Blood samples were collected using blood collection tubes containing serum separator clot activator (Vacuette tubes, Greiner Bio-one), centrifuged, and serum was aliquoted and stored at −80 °C until further analysis. All samples were processed within 8 h after collection. Health characteristics were collected from all participants during the first study visit using a questionnaire. Frailty scores were determined for each participant using the Tilburg Frailty Indicator self-report questionnaire35.

Serological analysis

Functional MenACWY-specific antibody titers were determined using the serum bactericidal assay with baby rabbit complement (rSBA) (Pelfreez, lot: 21044-C) as described previously15,36. Target strains included MenA (strain 3125), MenC (strain C11), MenW (strain MP01240070), and MenY (strain S-1975). rSBA titers were expressed as the reciprocal of the highest serum dilution resulting in ≥50% killing after 60 min of incubation, whereby an rSBA titer of ≥8 was considered as correlate of protection14,15,34. Moreover, an rSBA titer ≥128 was considered as correlate of prolonged duration of protection14,15. rSBA titers below the lower limit of quantification (<4) were assigned a value of 2.

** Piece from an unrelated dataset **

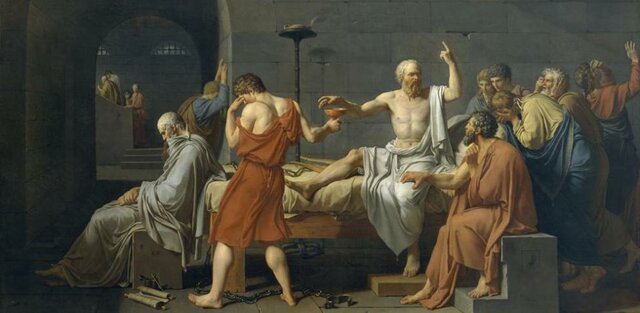 Muerte de Sócrates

MenACWY ps-specific IgG and IgM serum concentrations were measured using a fluorescent bead-based multiplex immunoassay (MIA) as described previously37. Antibody concentrations below the detection limit were assigned an arbitrary value of 0.01 μg/ml.

To assess the contribution of IgG and IgM to bactericidal activity to MenC and MenW, a subset of post-vaccination sera (n = 28) was depleted of either antibody isotype. IgG depletion was achieved using EUROSORB (Euroimmun)38, while IgM was removed using goat anti-human IgM (µ-chain-specific) agarose beads (Sigma-Aldrich, A9935)24. Antibody depletion was confirmed using the MIA prior to rSBA measurements.

Statistical analysis

Participants sampled at baseline and at least once post-vaccination were included in the analysis. Geometric mean rSBA titers (GMTs) and geometric mean antibody (IgG and IgM) concentrations (GMCs) with corresponding 95% confidence intervals (95% CI) were determined for each meningococcal serogroup at each time point. All serology data were log10-transformed prior to further statistical analyses.

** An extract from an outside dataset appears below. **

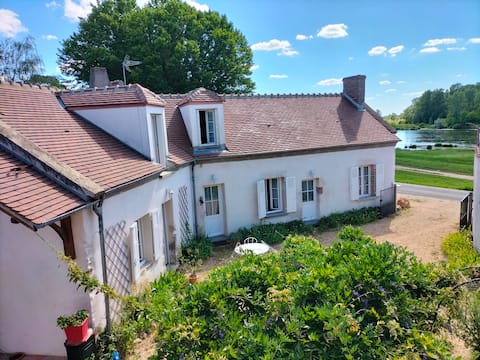 At the Loire fisherman's house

rSBA and antibody responses were compared between timepoints using paired generalized linear mixed models (GLMM), followed by post-hoc Emmeans tests. Proportions of participants with rSBA ≥8 or ≥128, along with 95% CI, were calculated with the Wilson score interval with continuity correction for each serogroup, and proportions were compared between timepoints using Fisher’s exact test. Correlations between rSBA titers and IgG or IgM responses were determined using Spearman’s rho. Differences in rSBA titers between high (above median) and low (below median) Ig groups were evaluated using the Kruskal-Wallis test, followed by Dunn’s post-hoc test. The Wilcoxon matched-pairs signed rank test was used to compare pre- and post-IgG or IgM depletion antibody concentrations or rSBA titers. Lastly, the effects of age and sex on rSBA responses were analyzed using generalized linear models (GLMs), whilst adjusting for pre-vaccination rSBA titers. All multiple comparisons were corrected for multiple testing using the Bonferroni method if needed. A p-value of <0.05 was considered statistically significant. Statistical analyses were performed using RStudio (version 4.4.0).